Chalmers-Redman R M, Priestley T, Kemp J A, Fine A
Department of Physiology and Biophysics, Dalhousie University Faculty of Medicine, Halifax, Nova Scotia, Canada.
Neuroscience. 1997 Feb;76(4):1121-8. doi: 10.1016/s0306-4522(96)00386-7.
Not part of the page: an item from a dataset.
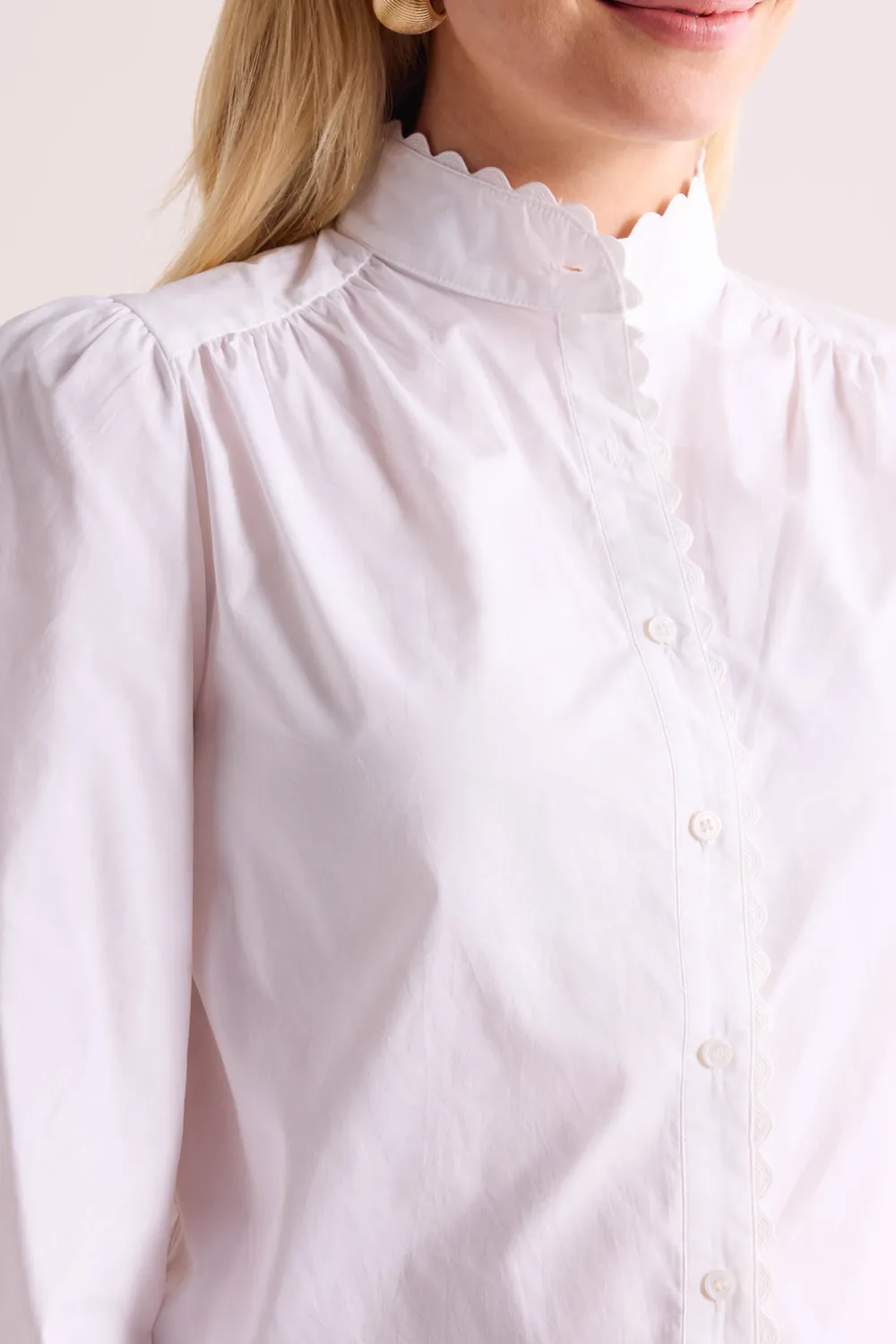 White Scallop Collar Long Sleeve Button-Front Blouse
Central nervous system neurons and glia arise from undifferentiated embryonic neuroepithelial cells. Such progenitor cells from the human fetal forebrain can be propagated in vitro for extended periods, when grown on non-adhesive substrates in medium containing epidermal growth factor and insulin-like growth factor-1. These actively-dividing cells can be induced to differentiate into a variety of histochemically-characterized neurons and glia consistent with their forebrain origin. Electrophysiological recording indicates that differentiated neurons derived from these progenitors mature slowly, and display a range of glutamate- and GABA-mediated conductances characteristic of normal mammalian forebrain neurons. Our observations support a role for these trophic factors in normal development of the human brain. The methods described here may provide abundant normal, untransformed human forebrain neurons and glia for research and therapeutic applications.
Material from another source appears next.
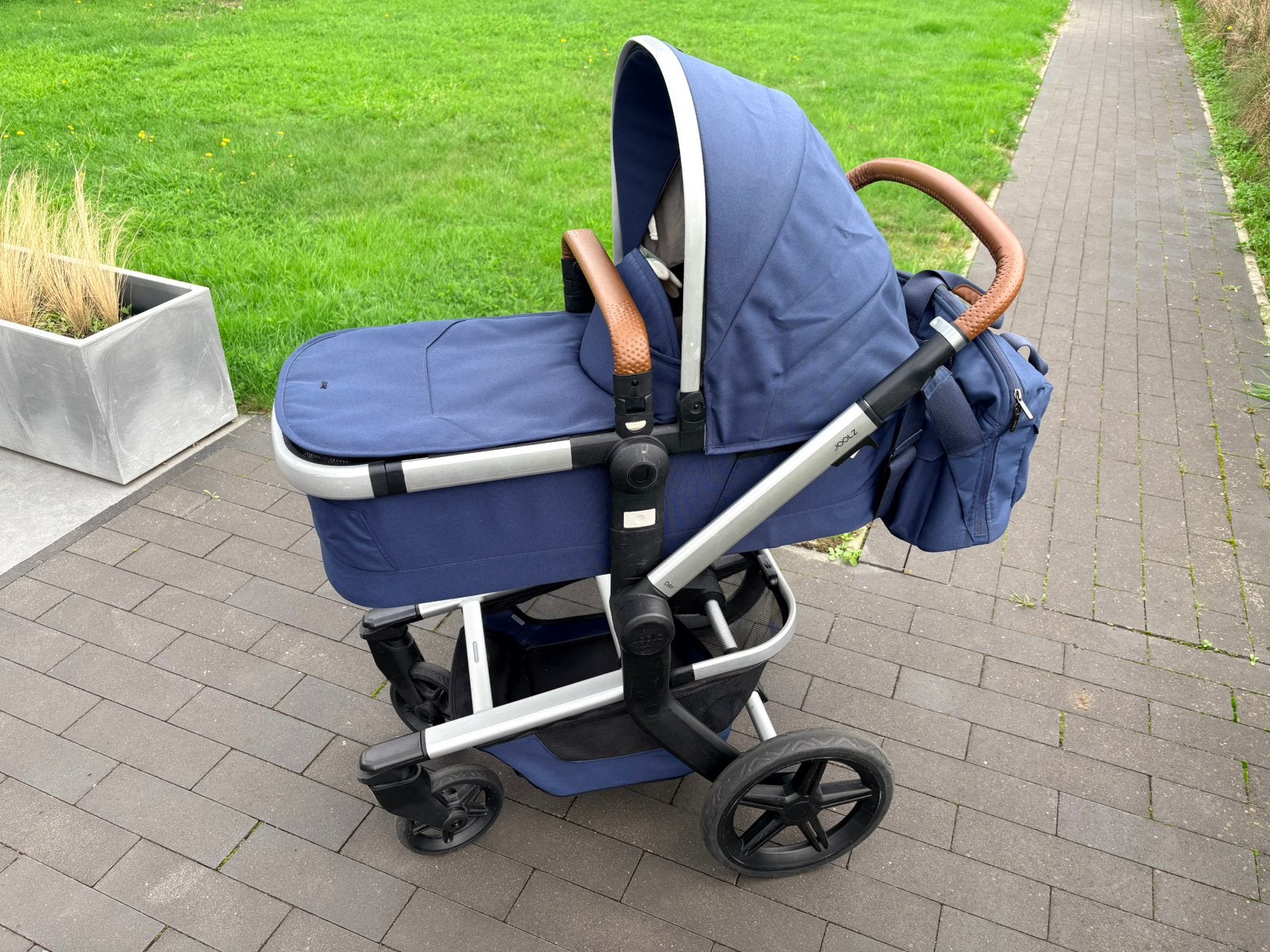 Joolz Day+ met toebehoren, Gebruikt, Verstelbare duwstang, Ophalen, Kinderwagen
中枢神经系统的神经元和神经胶质细胞起源于未分化的胚胎神经上皮细胞。当在含有表皮生长因子和胰岛素样生长因子-1的培养基中的非粘附性底物上生长时,来自人类胎儿前脑的此类祖细胞可以在体外长时间增殖。这些活跃分裂的细胞可以被诱导分化为各种具有组织化学特征的神经元和神经胶质细胞,这与其前脑起源一致。电生理记录表明,源自这些祖细胞的分化神经元成熟缓慢,并表现出一系列正常哺乳动物前脑神经元特有的由谷氨酸和γ-氨基丁酸介导的电导。我们的观察结果支持这些营养因子在人类大脑正常发育中的作用。这里描述的方法可能为研究和治疗应用提供大量正常的、未转化的人类前脑神经元和神经胶质细胞。